Whole generations of Irish in the south and west of Ireland had grown up, married, and died, without knowing the taste of meat. Disraeli said, in 1844, that the Irish were the "worst fed and the worst clothed of any in Europe. They live in mud cabins littered with straw; their food consists of only dry potatoes."

It was on such a poverty-stricken race that famine now strode pitilessly—such a famine as had not been known in the British Isles since the fifteenth century. In some parts of the country one-tenth of the population died before help could be obtained.

Men were seen wandering about, searching for stray turnips, watercress—anything to stay their terrible hunger. Whole families perished: women and children just lay down in their cabins and died of sheer starvation. All the sheep had been killed, all the poultry, all the pigs: the very dogs had been slain to feed the hungry multitudes.


[Illustration]

An Irish Cabin.

Not only Britain, but all Europe and America heard the cry of the famished Irish. Large sums of money were sent from the British treasury, stores of Indian corn were shipped into the country, relief works were set on foot, and "famine roads" may be seen all over the country to-day.
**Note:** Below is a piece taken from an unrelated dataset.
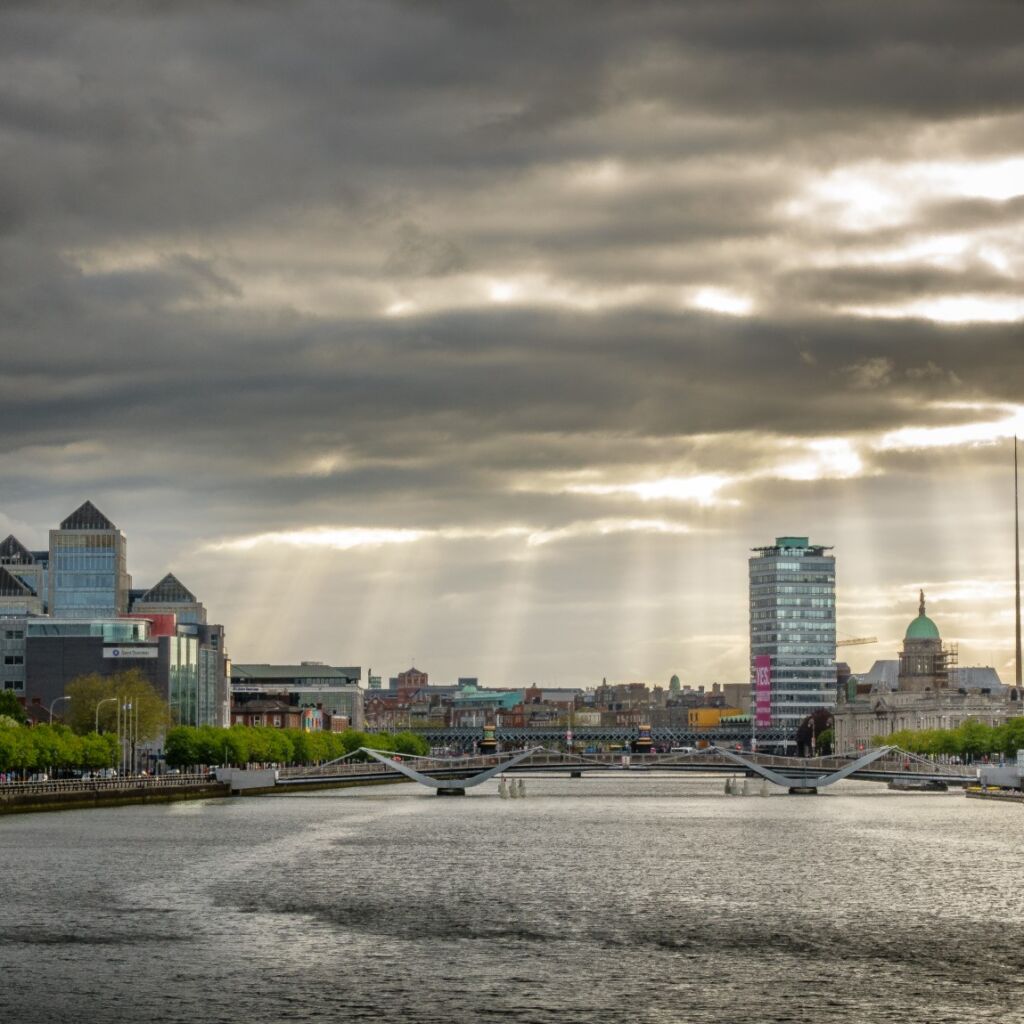 www.pixael.com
British gold was poured into the land, and for a time 3,000,000 people were fed daily.

"It was the grandest attempt ever made to grapple with famine over a whole country, to which neither ancient nor modern history can furnish a parallel."

Still, the deaths sometimes numbered 100 a day, and when the days grew brighter and the famine ceased, it was found that out of a population of 10,000,000, only 8,000,000 were left.

Thousands emigrated to America, where they made fresh homes in that land of plenty, and the whole-sale exodus which began at this time has thinned the Irish at home till to-day there are but half the number there were at the accession of the Queen.